だから……面白かったけれど、衝撃度は多分他の人に比べて少なかった。それでも劇場で涙を流すんだから、大したもんだよ」
カエル「原作を知るからこその難しさか……」
主「それもわずかな違和感だけどね。もしかしたら……原作を知らずに見ていたら、大号泣の1位かもしれない。公開直前に予習までしたのがまずかったかな?
でもこの作品を推す人の気持ちもよく分かるし、名作だと思う。今までの戦争映画を全て過去のものにしたかもね」
第2位
『聲の形』
亀「ここで聲の形か」
主「今年のアニメ映画でNo1の評価をつけさせてもらいました。このアニメ映画大豊作の年のNo,1です」
亀「あれだけ色々と推していたというのもあるかの」
主「個人的な話をすれば……『物語と障害』ってすっごく難しい関係だと思っていたのね。テーマとしても重いし、タブーが少ない日本においても、安易に物語に登場させられない存在が障害だし。
それは……今年起きた悲惨な事件を見てもわかるじゃない? もうマスコミもほとんど報道しないし、被害者のことを報じない」
亀「それは高度な判断が求められる、シビアな問題じゃからな。仕方ない部分も多い」
主「もちろんそうだけど……日本において障害というテーマは本当に重いものだと痛感させられた。そんな思いを抱いているところに、この映画が飛び込んできたわけだ。
この映画は確かに『障害』や『いじめ』がでてくるけれど……それでも、硝子という少女を『1人の女の子』として描こうと苦心しているのがすごく伝わってきた。

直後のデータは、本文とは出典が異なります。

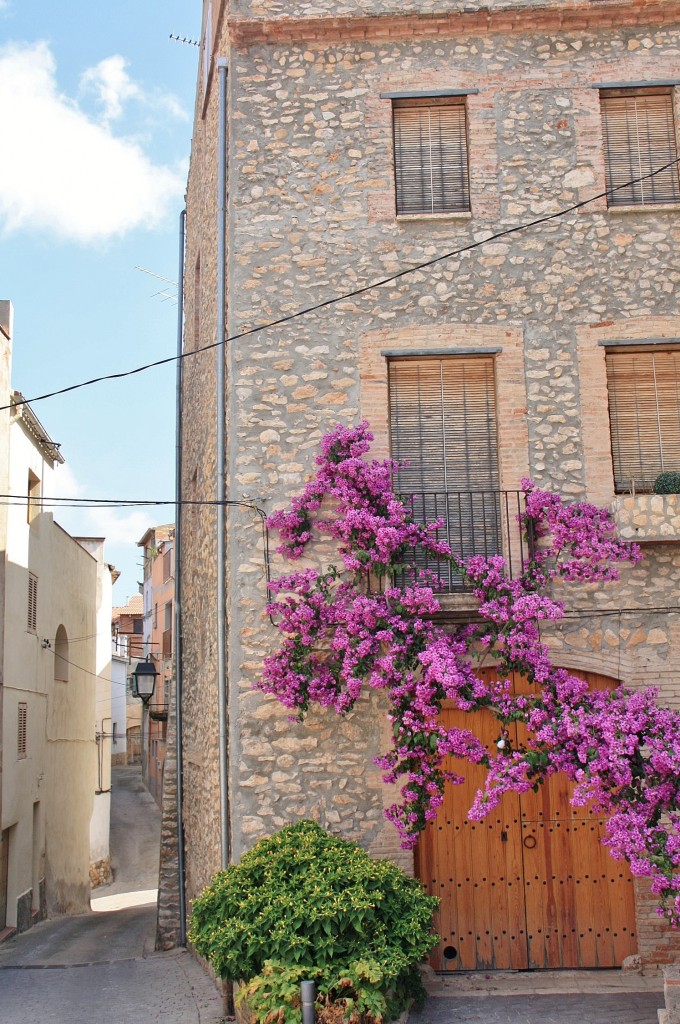 Foto: Centro histórico - Vila-Rodona (Tarragona), España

この作品は賛否を巻き起こしているけれど……自分はこの試みを高く評価したいし、しなければいけないと思う。
早見沙織の演技もあるけれど、2016年ベストヒロインは西宮硝子です」
亀「漫画の方がいい、という意見もあるがの」
主「それはしょうがないよね。自分もこの世界の片隅にでは同じことを言っているし。
自分は漫画は微妙かな? と思っていたから、余計にハマった形になったかも。
あとは宇多丸風に言うなら、この世界の片隅には友達がいっぱいだから。だったら自分がこの映画の友達でいてあげたい」
第1位
『シン・ゴジラ』
カエル「……まあ、このブログとしたらそうだよね」
主「他の映画では完成度とか、うまさとかごちゃごちゃ語ったけれど……この映画を超えるような映画体験はなかった。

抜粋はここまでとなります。